▶ _ASSIGNED TASK_: Once the images are removed, repeat all of the entries exactly.
───── THE INPUT
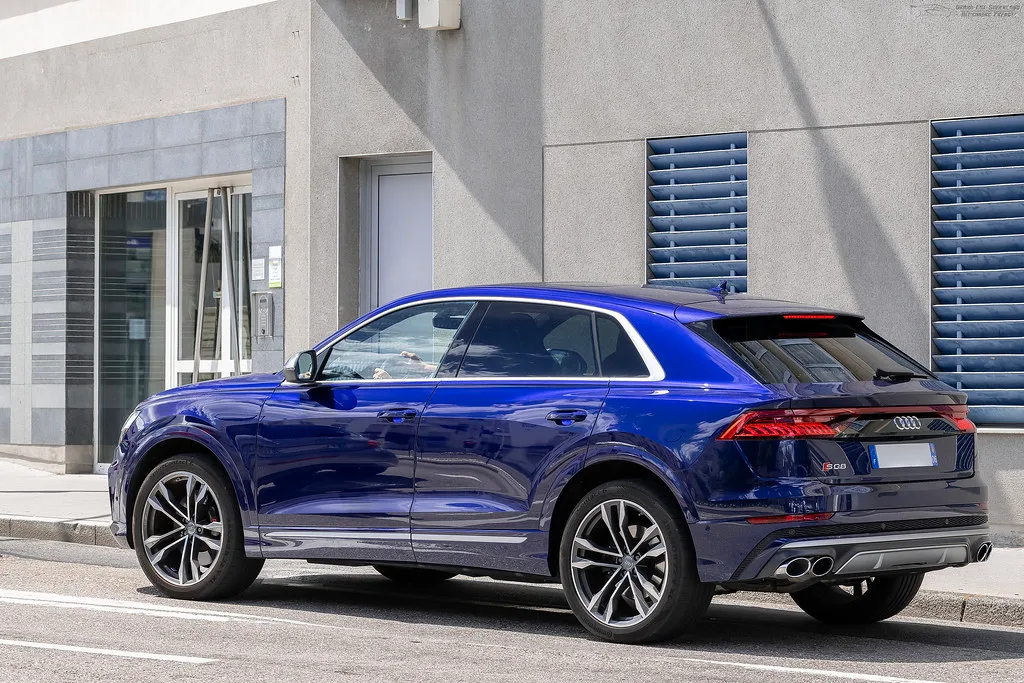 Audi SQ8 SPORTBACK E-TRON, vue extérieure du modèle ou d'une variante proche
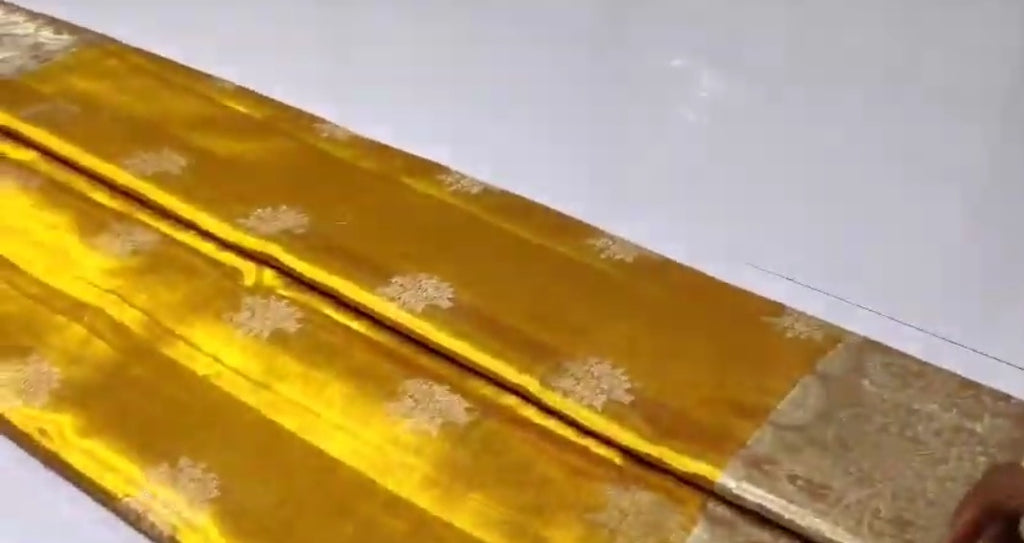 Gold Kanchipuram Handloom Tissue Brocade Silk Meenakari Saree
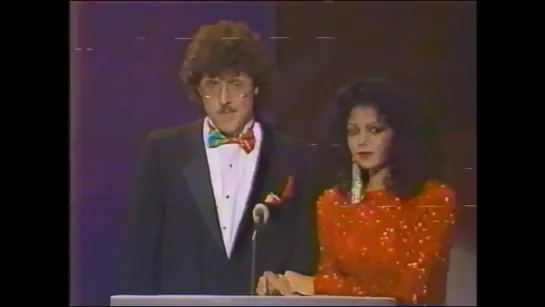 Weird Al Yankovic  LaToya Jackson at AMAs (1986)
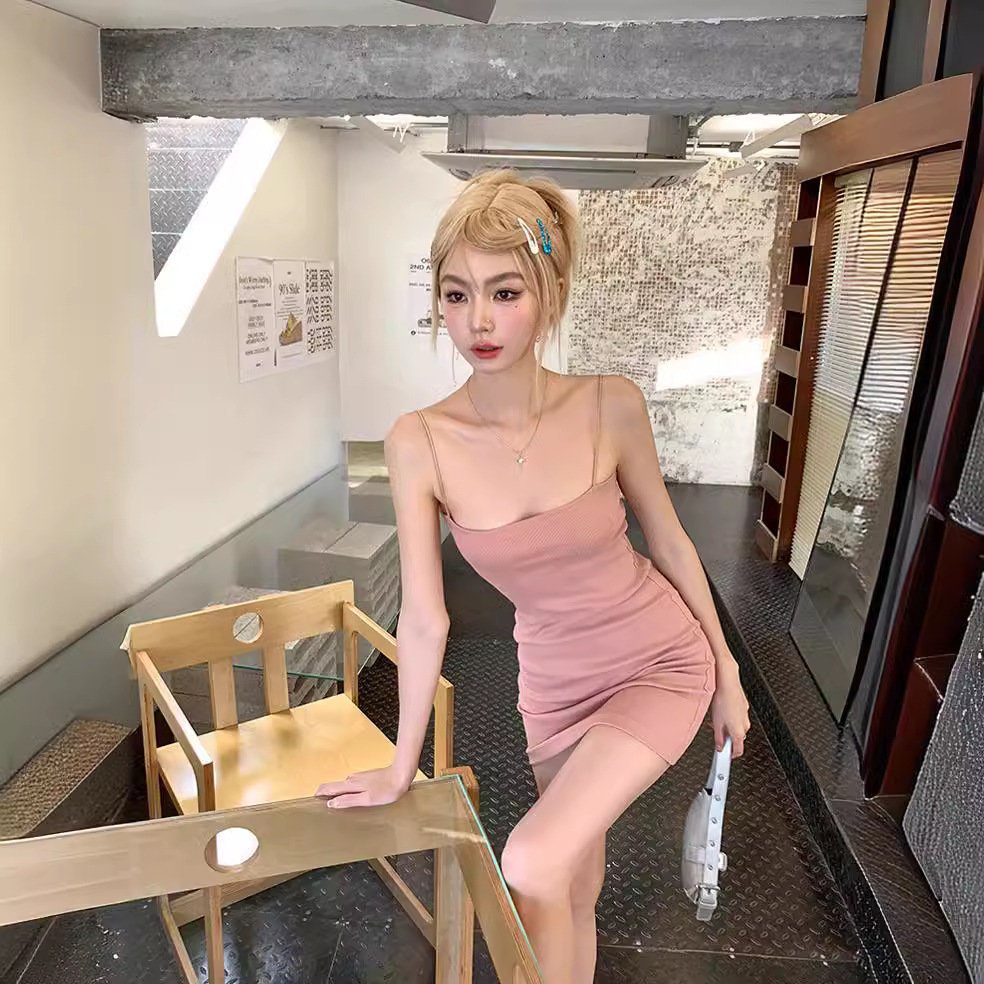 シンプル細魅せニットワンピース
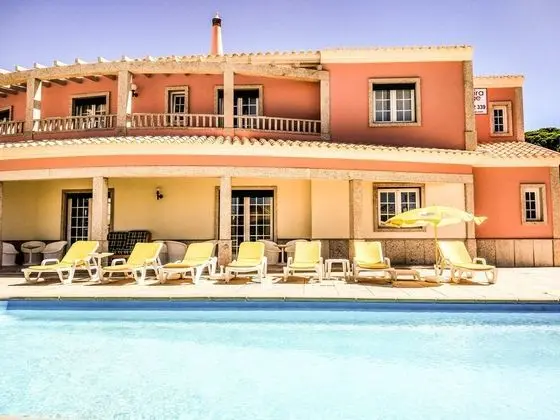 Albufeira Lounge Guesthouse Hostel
──────────
▶ _SOLUTION TO THE PROBLEM_:
 Audi SQ8 SPORTBACK E-TRON, vue extérieure du modèle ou d'une variante proche
 Gold Kanchipuram Handloom Tissue Brocade Silk Meenakari Saree
 Weird Al Yankovic  LaToya Jackson at AMAs (1986)
 シンプル細魅せニットワンピース
 Albufeira Lounge Guesthouse Hostel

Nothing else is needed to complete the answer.